> [Assigned task] Would you please copy all of the data exactly, skipping the images?

> [Dataset records]
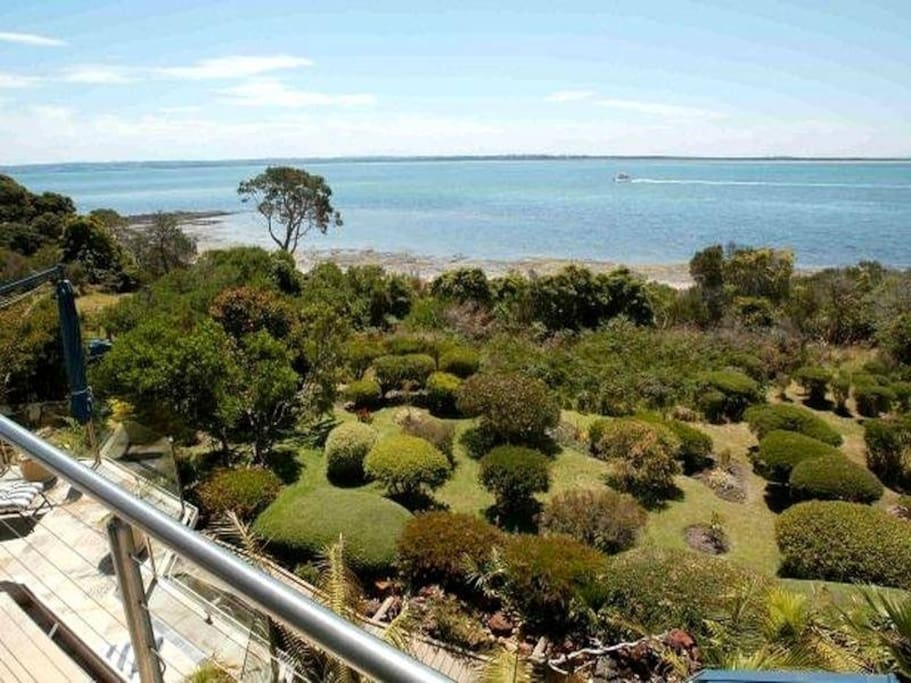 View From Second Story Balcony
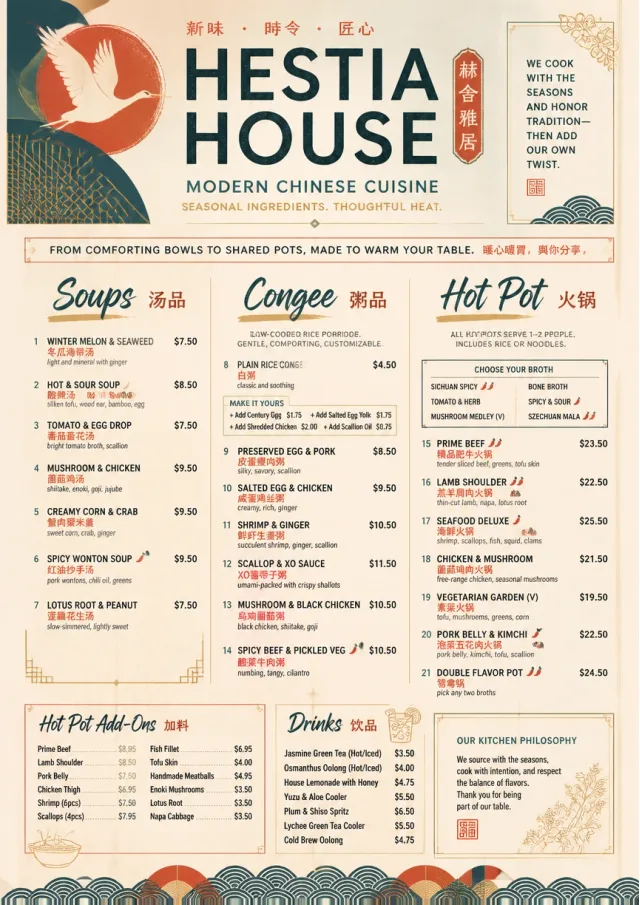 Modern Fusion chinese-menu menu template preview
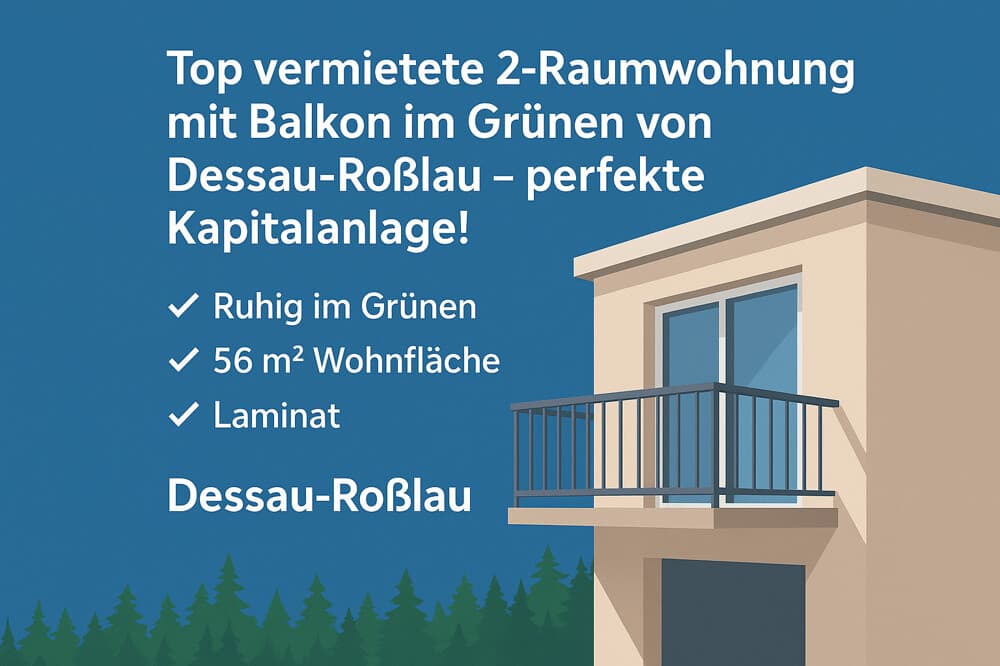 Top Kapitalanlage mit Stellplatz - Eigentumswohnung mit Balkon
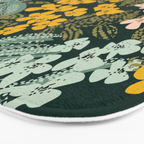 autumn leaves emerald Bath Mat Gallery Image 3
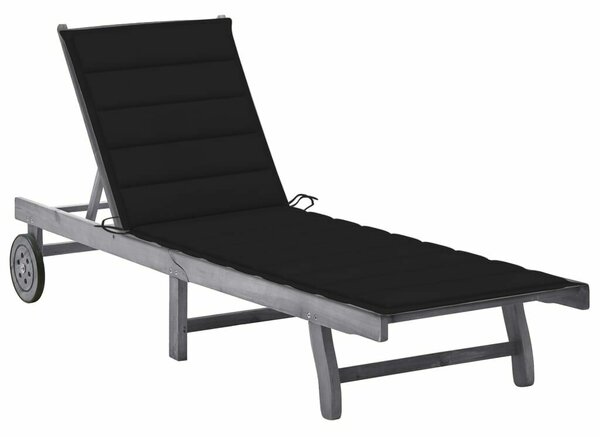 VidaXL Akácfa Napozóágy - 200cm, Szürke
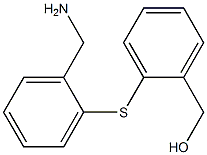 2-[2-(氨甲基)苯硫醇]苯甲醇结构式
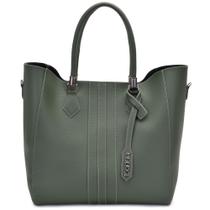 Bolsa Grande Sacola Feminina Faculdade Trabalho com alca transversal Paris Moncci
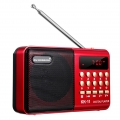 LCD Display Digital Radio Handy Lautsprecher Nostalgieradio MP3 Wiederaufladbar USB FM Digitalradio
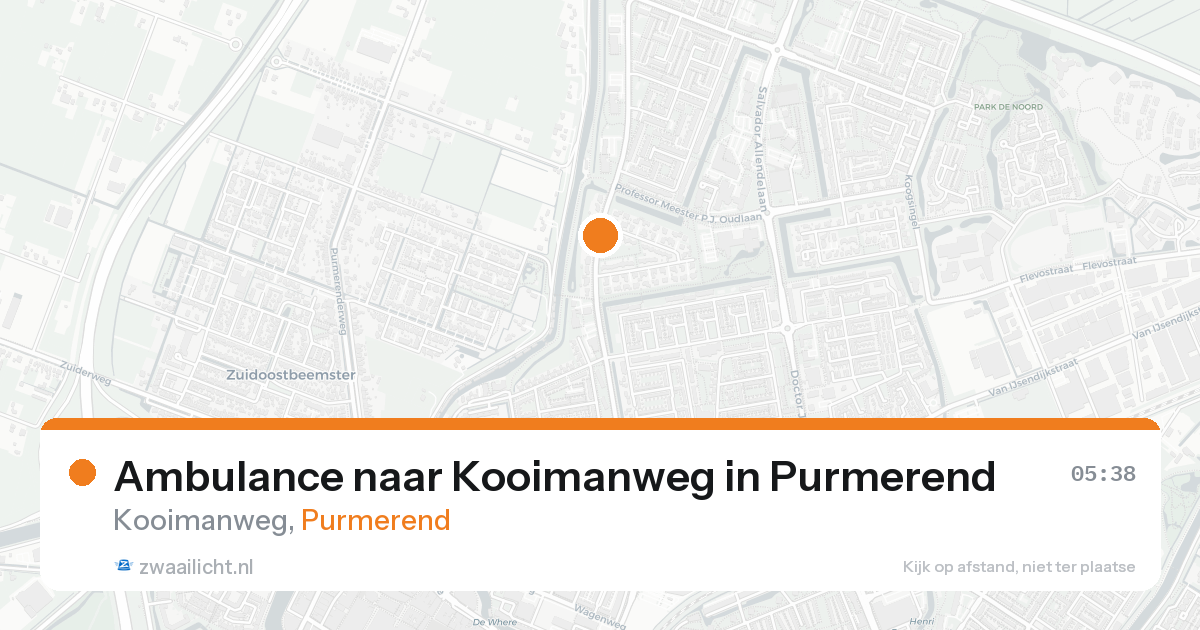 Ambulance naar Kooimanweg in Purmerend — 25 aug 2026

> [Response below]
 View From Second Story Balcony
 Modern Fusion chinese-menu menu template preview
 Top Kapitalanlage mit Stellplatz - Eigentumswohnung mit Balkon
 autumn leaves emerald Bath Mat Gallery Image 3
 VidaXL Akácfa Napozóágy - 200cm, Szürke
 2-[2-(氨甲基)苯硫醇]苯甲醇结构式
 Bolsa Grande Sacola Feminina Faculdade Trabalho com alca transversal Paris Moncci
 LCD Display Digital Radio Handy Lautsprecher Nostalgieradio MP3 Wiederaufladbar USB FM Digitalradio
 Ambulance naar Kooimanweg in Purmerend — 25 aug 2026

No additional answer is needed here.